Policy paper

Statement of Practice 6 (1985)

Published 29 July 1985

Award of goods or services provided via vouchers

1. Incentive scheme awards are often provided by way of vouchers. ITEPA 2003 s 87 [formerly TA 1988 s 141] treats as earnings a benefit an employee can obtain with a voucher provided for him by reason of his employment. The measure of the earnings is the “expense incurred by the person providing the voucher in or in connection with the provision of the voucher and the money, goods or services for which it is capable of being exchanged” (ITEPA 2003 s 87 [formerly TA 1988 s 141(1)]).

2. It is not always easy to decide which incentive scheme expenses beyond the direct cost of buying the goods or services provided for the employee have been incurred “in connection with” the voucher and the benefit it provides. In general, the expenses which should be included in the emoluments calculation are those which contribute more or less directly to the advantage enjoyed by the employee. Remoter expenses—for example, the cost of devising and planning an incentive scheme under which vouchers are to be distributed—need not be included. More details are given below.

3. (a) Expenses included in the computation of emoluments:

  • (i) cost of buying the goods or providing services
  • (ii) cost of selecting and testing those goods or services
  • (iii) cost of storing, distributing and installing the goods or, if appropriate, services
  • (iv) cost of servicing and other ‘after sales’ expenses
  • (v) where a third party is used to distribute the awards or to run an incentive campaign, his fees for handling functions within (i) to (iv) above

(b) Expenses excluded from the computation of emoluments:

  • (i) cost of management time in considering whether or not to launch a scheme involving the provision of vouchers
  • (ii) cost of researching, devising and planning such a scheme
  • (iii) cost of preparing and printing promotional material relating to the provision of the voucher
  • (iv) cost of administration (including the costs of meeting the HM Revenue and Customs’ (HMRC) requirements) except for the functions covered in (a) above
  • (v) where a third party is involved, as in (a)(v) above, his fees for handling functions within (b)(i) to (iv) above

Retail vouchers

4. Awards sometimes consist of vouchers which are exchangeable for goods etc at retail shops or stores.
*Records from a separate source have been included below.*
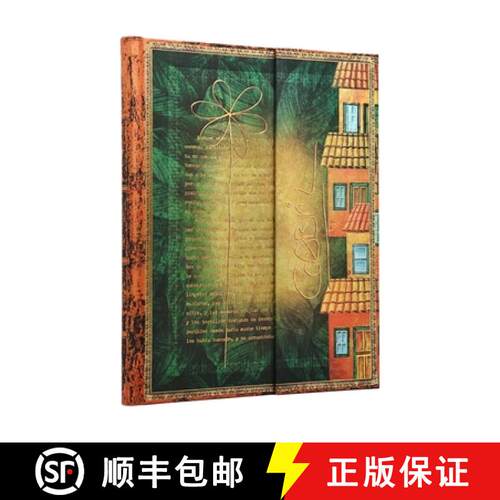 【3-4周达】Garcia Marquez, One Hundred Years of Solitude Ultra Unlined Hardcover Journal, 144pg, 120g... [9780349715230]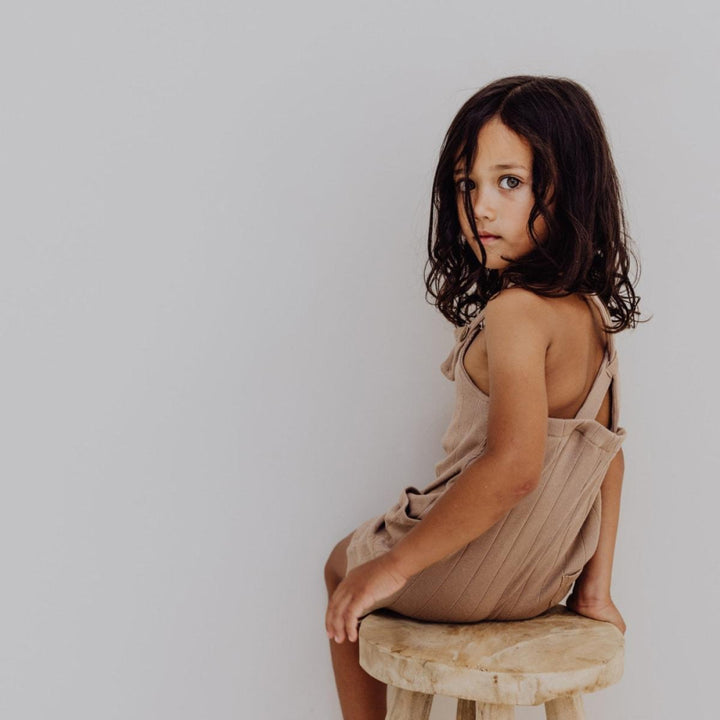 Rib Overalls - Bronze - Overalls
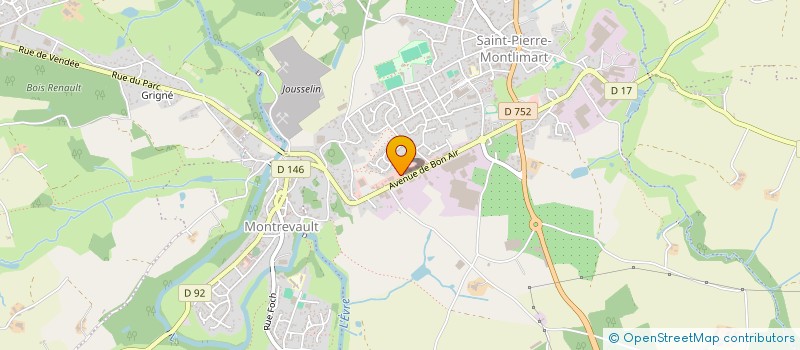localisation de l'entreprise BON AIR à MONTREVAULT-SUR-EVRE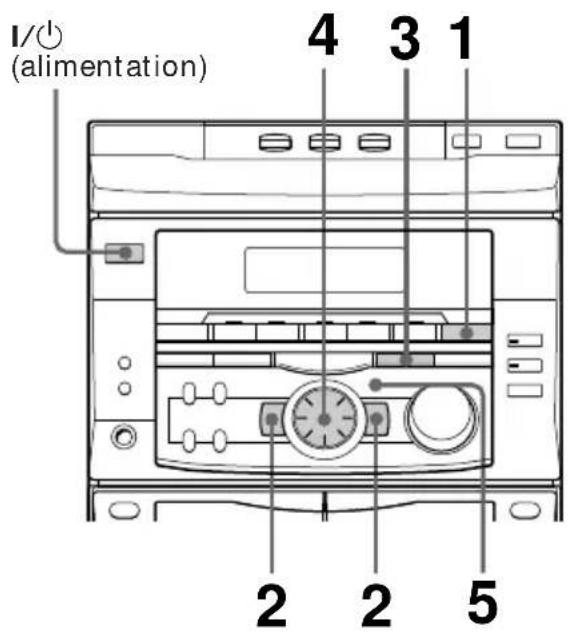 SONY MHCR500 - Étape 3 : PréRéglage des stations de radio - 1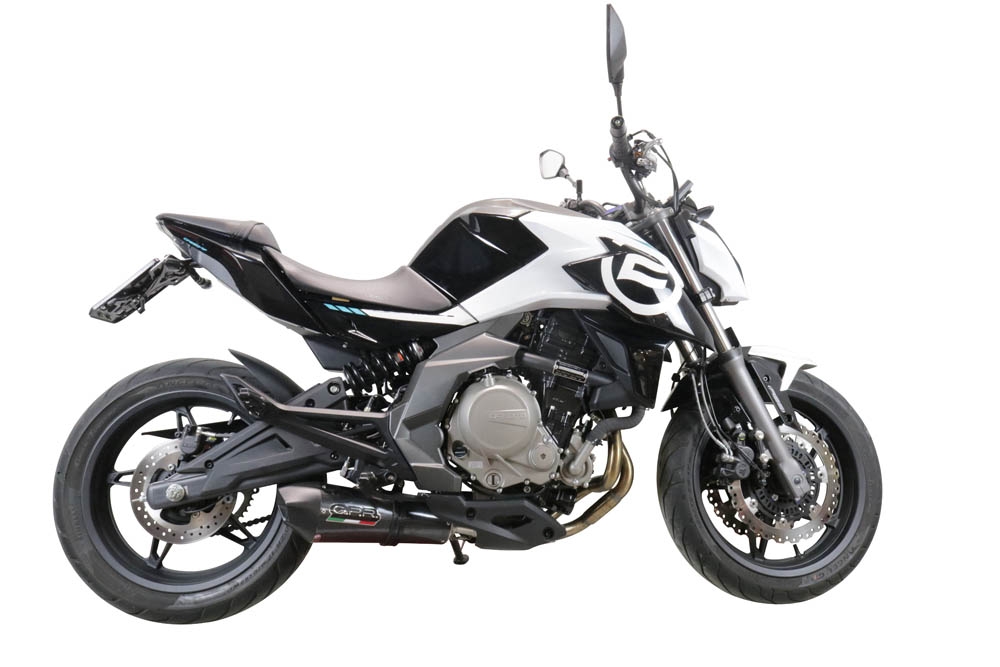 Escape compatible con Cf Moto 400 NK 2019-2020, Gpe Ann. Poppy, Escape homologaedo, legal para mercados fuera de la UE, incluido tubo de enlace y db killer extraíble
Generally, the costs set out in para 3(a)(i) to (iv) above will largely consist of the price paid to the shop etc for the vouchers. The cost of distributing the vouchers to award winners and the fees of any third party within para 3(a)(v) will also need to be included.

Other benefits

5. The computation of the benefit of incentive awards assessable under Income Tax (Earnings and Pensions) Act 2003 ss 94, 203 (formerly Taxes Act 1988 ss 142, 144, 154) will follow broadly similar principles.

Computations

6. When agreeing the assessable benefit of awards made under incentive schemes the total costs should be analysed between the headings in paras 3(a) and (b) above.

Taxed award scheme

7. On 2 November 1984 a press release announced voluntary arrangements for collecting tax at the basic rate on non-cash incentive prizes awarded to employees. On 18 January 1990 a press release announced the arrangements had been extended to cover higher rate liabilities. These arrangements are known as ‘taxed award schemes’. The approach described above will apply to awards dealt with under such arrangements as well as to all other incentive awards. The Incentive Award Unit will continue to deal with all applications for taxed award schemes and will agree the amounts to be treated as emoluments. Awards under other schemes will be dealt with by the tax office which normally handles the Pay As You Earn scheme of the provider of the award. Further details of taxed award schemes may be obtained from:

HM Revenue & Customs Local Compliance
Specialist Employer Compliance
SO794
PO Box 3900
Glasgow
G70 6AA

Telephone: 03000 577340
Email: Incentive Award Unit

Press releases etc

Inland Revenue 18 January 1990 (employers may also meet an employee’s higher rate liability, in addition to basic rate liability, under a taxed award scheme).

Note: this statement is as it appears in HMRC’s Statements of Practice (March 2009).